In this paper, the stability and Hopf bifurcation problems on a class of high-order reaction–diffusion neural networks are investigated, where the conical structure and signal transmission delays are introduced to make the model more accurate. By the linear stability analysis, Hopf bifurcation theory and Turing instability theorem, some criteria on the local stability and Hopf bifurcation of this system are established by selecting the time delay as bifurcation parameter. Especially, the Coates formula and the holistic element method are taken to determine the critical value, at which the purely imaginary root appears in the associated high-degree characteristic equation. On the other hand, the effects of diffusion terms on the spatial distribution of periodic solutions are explored. New sufficient conditions are derived to guarantee the occurrence of spatially homogeneous periodic solutions. Finally, some numerical examples are provided to validate the main results.

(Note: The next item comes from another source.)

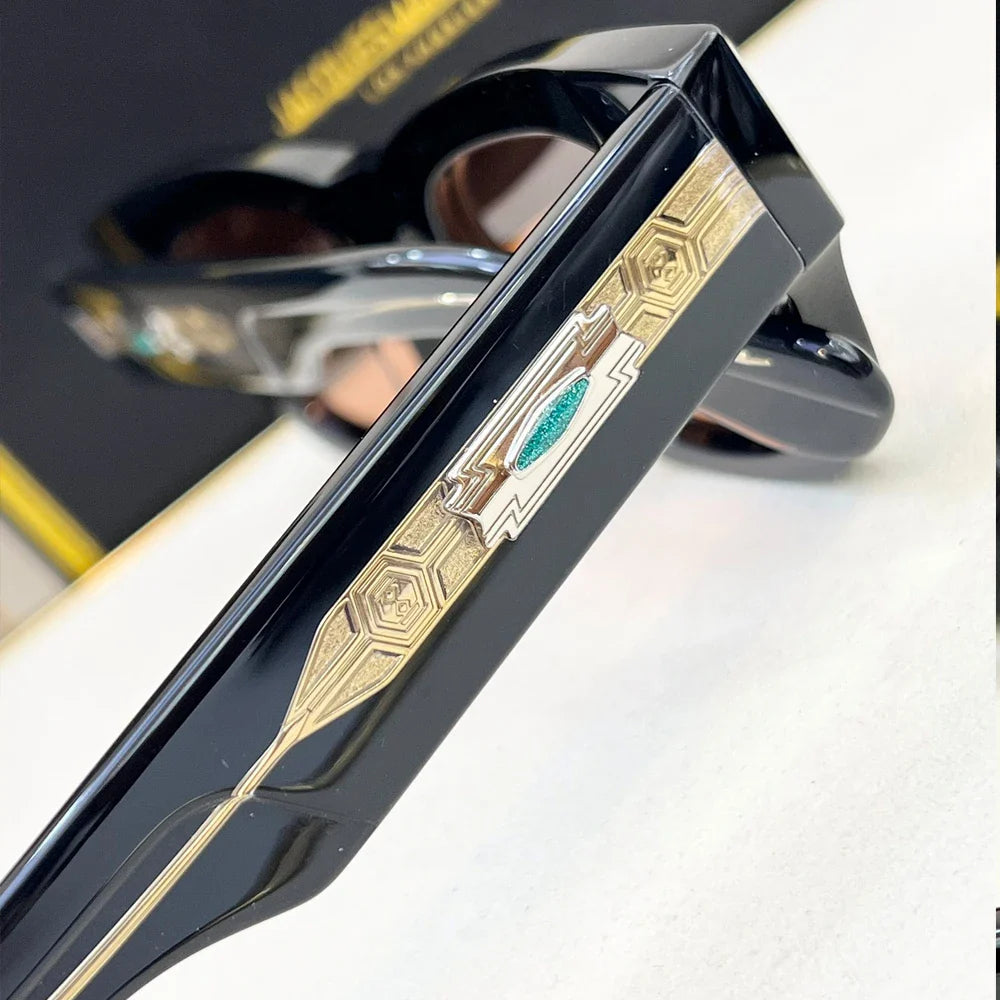 Close-up of stylish black vintage sunglasses with intricate gold and silver geometric detailing on the temple, featuring a small green accent in the center. The blurred background highlights the glasses design.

It is found that the critical value can also be affected by the network size and the self-feedback rate.

Suggested Citation

  • Chen, Jing & Xiao, Min & Wu, Xiaoqun & Wang, Zhengxin & Cao, Jinde, 2022. "Spatiotemporal dynamics on a class of (n+1)-dimensional reaction–diffusion neural networks with discrete delays and a conical structure," Chaos, Solitons & Fractals, Elsevier, vol. 164(C).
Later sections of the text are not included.